▶ Exercise directions:
Return the stretch from the line with "Figure From Early" through the line with "IA SHI 15 Hypertrophic" in the data below, character for character, skipping all pictures.

▶ Extracted material:
******
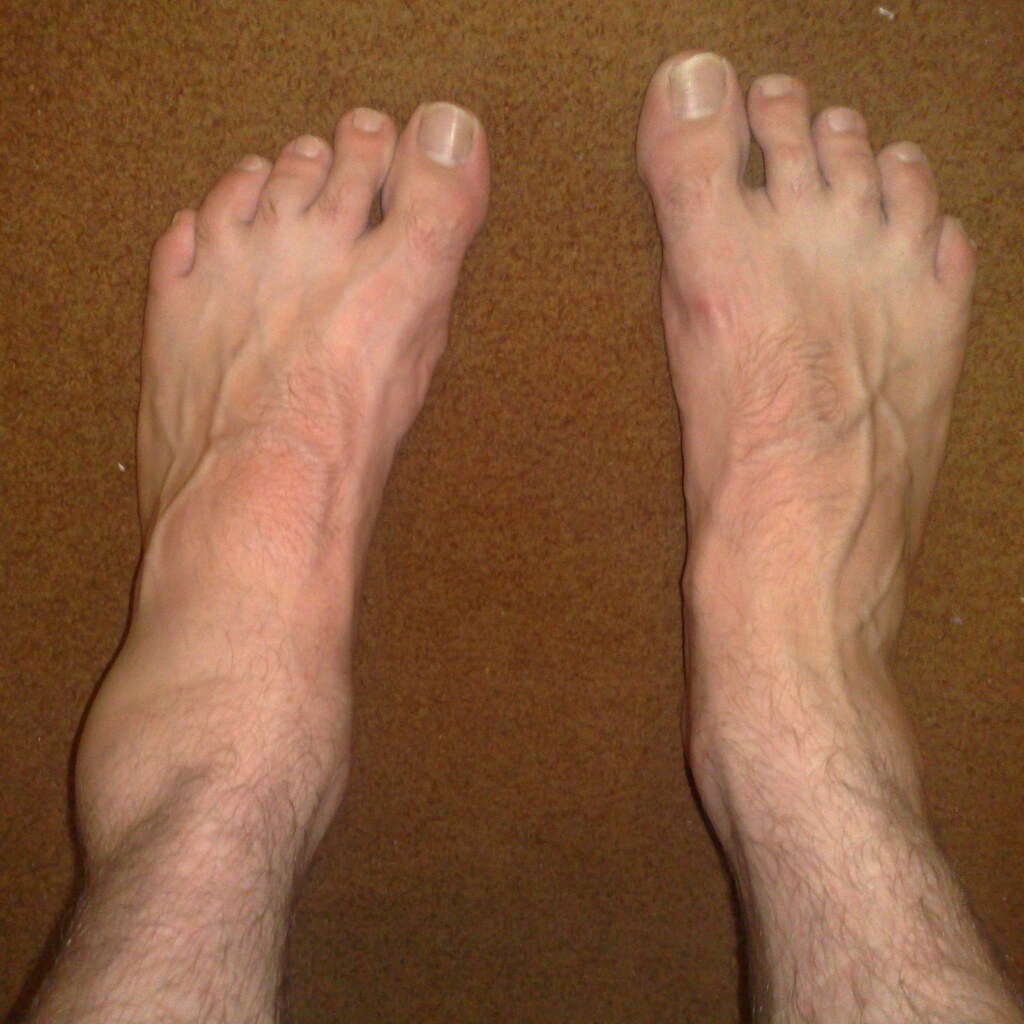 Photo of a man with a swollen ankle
******
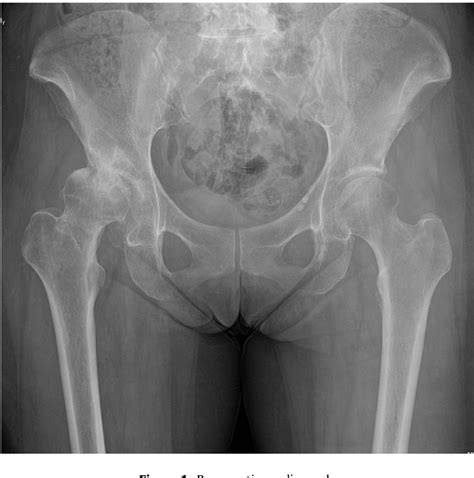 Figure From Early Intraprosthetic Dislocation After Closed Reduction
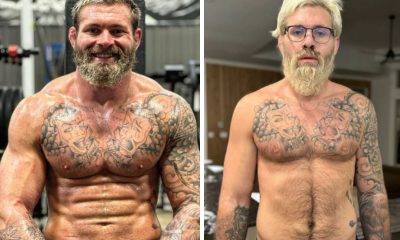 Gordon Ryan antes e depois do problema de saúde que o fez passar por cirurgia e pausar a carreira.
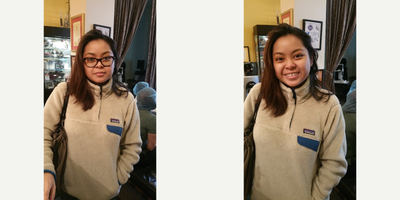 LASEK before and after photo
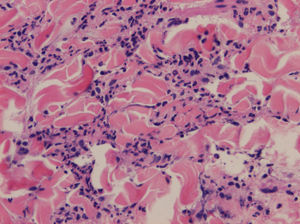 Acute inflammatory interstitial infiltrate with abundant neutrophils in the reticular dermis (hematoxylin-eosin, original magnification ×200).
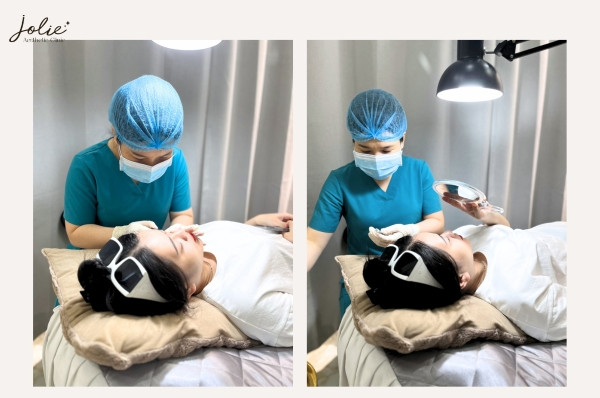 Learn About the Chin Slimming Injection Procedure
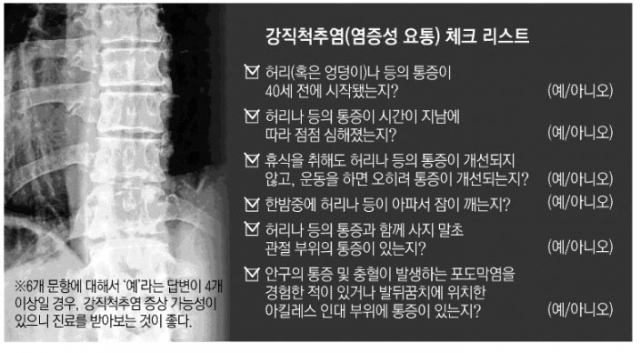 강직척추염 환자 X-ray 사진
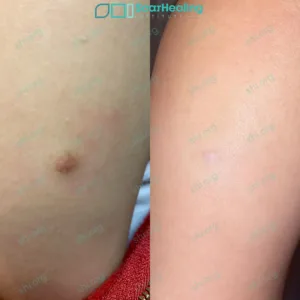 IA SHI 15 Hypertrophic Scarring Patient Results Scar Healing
******
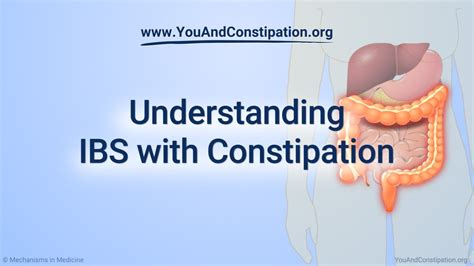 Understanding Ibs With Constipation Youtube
******
▶ Response area:
 Figure From Early Intraprosthetic Dislocation After Closed Reduction
 Gordon Ryan antes e depois do problema de saúde que o fez passar por cirurgia e pausar a carreira.
 LASEK before and after photo
 Acute inflammatory interstitial infiltrate with abundant neutrophils in the reticular dermis (hematoxylin-eosin, original magnification ×200).
 Learn About the Chin Slimming Injection Procedure
 강직척추염 환자 X-ray 사진
 IA SHI 15 Hypertrophic Scarring Patient Results Scar Healing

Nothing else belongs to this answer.